La transposition contemporaine imaginée par Vasily Barkhatov surprend 
d’emblée par ses ajouts visuels pendant les passages orchestraux, des 
photos projetées sur le rideau de scène aux saynètes fugitives. Autant 
de vignettes qui renforcent le caractère des personnages, tous opposés 
en deux mondes en apparence inconciliables : celui du bar bohème et 
branché de Nastassia à celui des appartements plus froids et déserts du 
Prince. L’effervescence populaire au I trouve sa vitalité dans une 
direction d’acteur dynamique, mais aussi dans l’apparition d’éléments 
incongrus, tout particulièrement des danseurs grimés de têtes de loup ou
 des cercueils en forme de poupées russes. Autant d’éléments 
prémonitoires du devenir funeste de Nastassia, cernée par les dangers de
 toute sorte, bigots et prédateurs sexuels en tête. Le spectacle prend 
une ampleur plus surprenante encore au IV, en suggérant le décès de 
l’héroïne peu avant son empoisonnement : dès lors, Barkhatov la propulse
 à son propre enterrement, avant de lui faire traverser tous les décors 
du plateau tournant (coulisses comprises) en une mise en abyme 
renversante par sa convocation inattendue du merveilleux.
Face à ce travail très imaginatif, à même de muscler un livret bien 
fastidieux dans ses redondances, le plateau vocal provoque 
l’enthousiasme, et ce malgré quelques remplacements de dernière minute 
dus aux virus hivernaux. Ceux‑ci avaient déjà provoqué l’annulation du 
concert prévu le matin même à l’Alte Oper, organisé pour fêter le
 deux centième anniversaire de la naissance de Joachim Raff (1822‑1882),
 avec la programmation de sa rare Troisième Symphonie « Dans la forêt ». La représentation de L’Enchanteresse
 n’a pas eu à souffrir de l’arrivée en dernière minute d’Elena 
Manistina, tant s’en faut, du fait de sa parfaite connaissance du rôle 
de la Princesse Eupraxie Romanovna. Placée sur le côté de la scène 
pendant qu’une comédienne interprète son rôle sur scène, la chanteuse 
russe nous régale en effet de ses phrasés fluides et gorgés 
d’intentions, faisant vivre son personnage d’épouse bafouée d’une vérité
 tragique bouleversante (à même de faire oublier un timbre attaqué par 
le poids des années ou quelques suraigus arrachés dans les dernières 
interventions tranchantes).
La plus grande ovation de la soirée revient sans surprise à Asmik 
Grigorian (Nastassia), qui relève haut la main le pari de chanter 
plusieurs soirs de suite, en assurant concomitamment le rôle‑titre de Manon Lescaut de Puccini (voir sa prestation dans la création de cette production en 2019).

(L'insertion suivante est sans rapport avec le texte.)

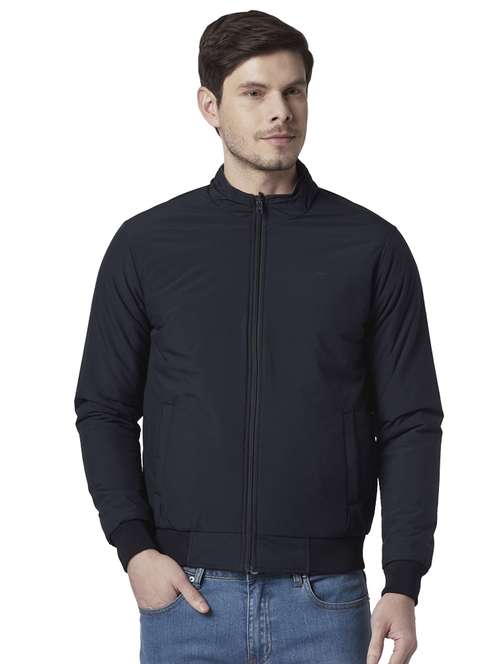 navy blue solid reversible casual jacket - 17861716 - Standard Image - 0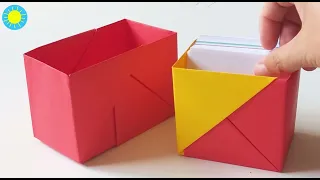 DIY a sticky Note Holder | Easy origami box for beginners | Cómo hacer un portanotas adhesivo fácil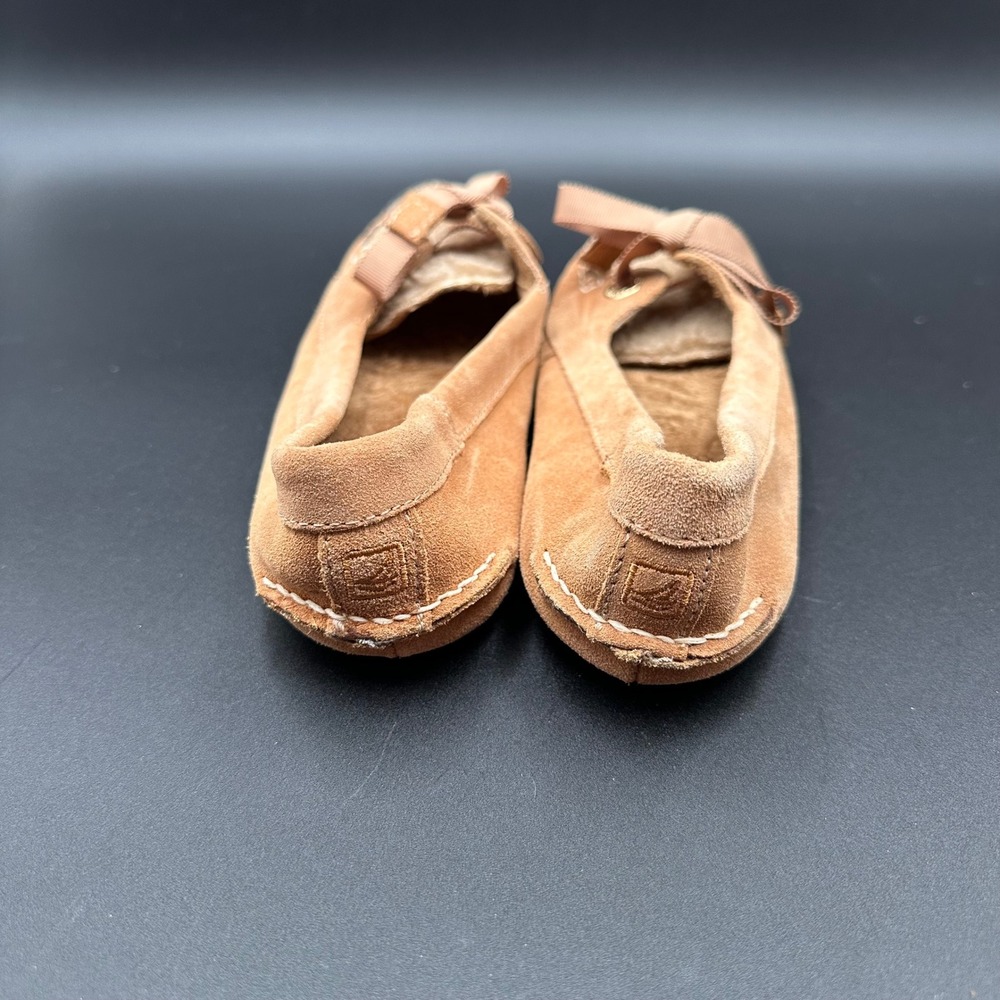 Sperry Top-Sider Womens Tan Suede Leather Bow Accent Moccasin Slippers Size 8M - Picture 4 of 8
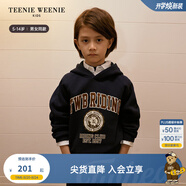 Teenie Weenie Kids小熊童裝24秋季款男女童連帽套頭印花衛(wèi)衣 藏青色 130 cm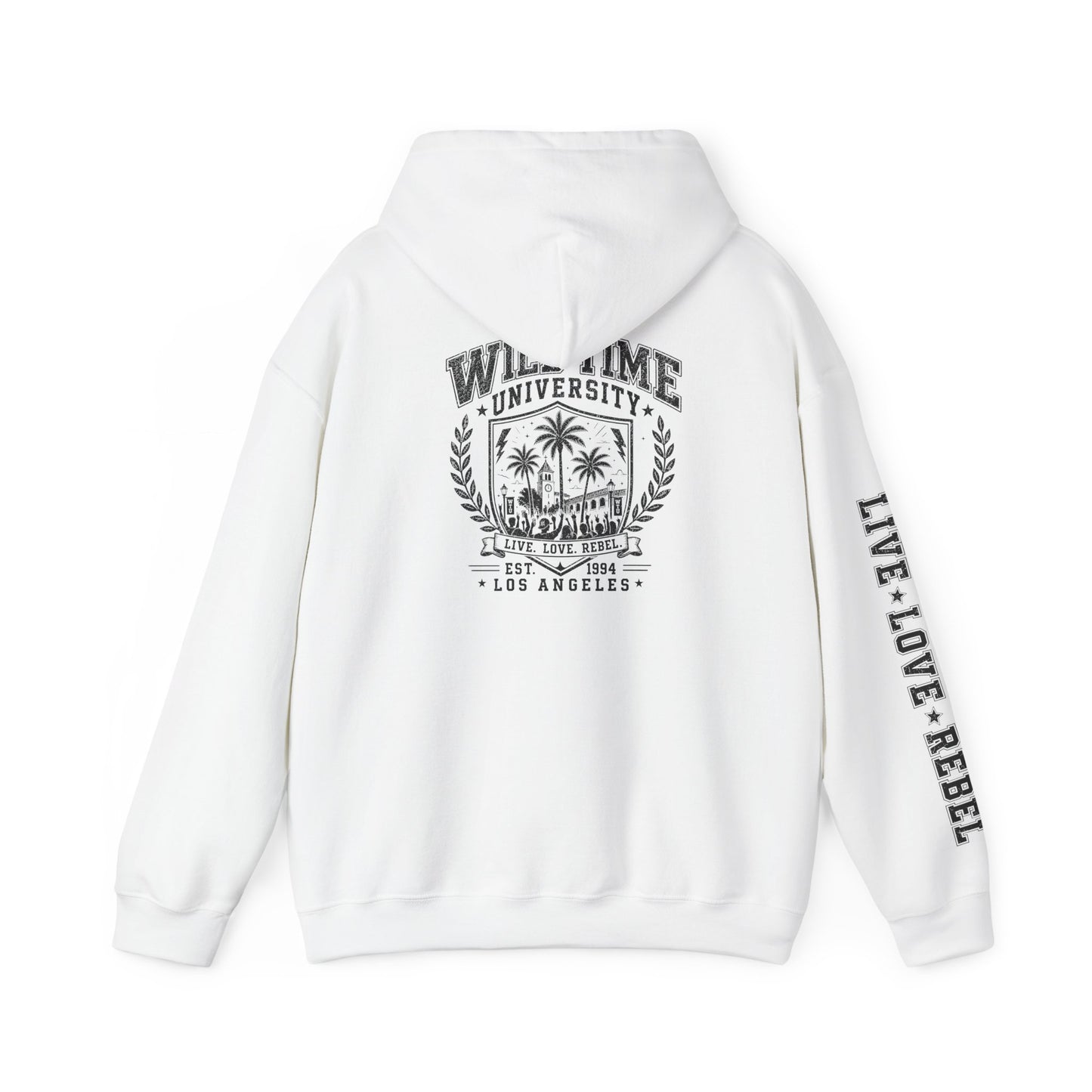 Wild Time™ University Unisex Hoodie - College Inspired Graphic Sweatshirt for the Rebel at Heart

 La Lithuanienne se montre autrement plus convaincante en Enchanteresse,
 du fait d’un rôle qui colle parfaitement à sa tessiture, ne forçant 
jamais ses aigus. La maîtrise souveraine des graves, charnus et cuivrés,
 lui permet de livrer une interprétation d’une grande intensité, jouant 
tour à tour de son assurance et de ses fragilités, avec d’infinies 
nuances. Que dire aussi de la performance de Iain MacNeil (Prince Nikita
 Kourliatev), impressionnant de morgue et d’autorité dans son rôle ! Les
 phrasés d’une rigueur millimétrée bénéficient d’une longueur de souffle
 jamais prise en défaut, au service d’un timbre au métal rayonnant de 
santé. A ses côtés, Frederic Jost impressionne tout autant en Mamyrov, 
se régalant avec aisance de la noirceur de son personnage. On est plus 
réservé en revanche sur la prestation, certes fluide, d’Alexander 
Mikhailov (Prince Youri), mais qui manque d’opulence dans la projection,
 du fait d’une émission trop resserrée.
Les seconds rôles interprètent bien leur partie (à l’exception de 
quelques décalages notables pour Alexey Egorov ou Kudaibergen Abildin), à
 l’image du chœur, très investi, seulement mis en difficulté dans les 
parties suraiguës, côté féminin. Mais l’atout décisif de la soirée 
revient sans conteste à la direction aussi narrative que pétillante de 
Valentin Uryupin, idéale de souplesse pour porter les élans sans 
ostentation, tout en allégeant sensiblement la masse orchestrale.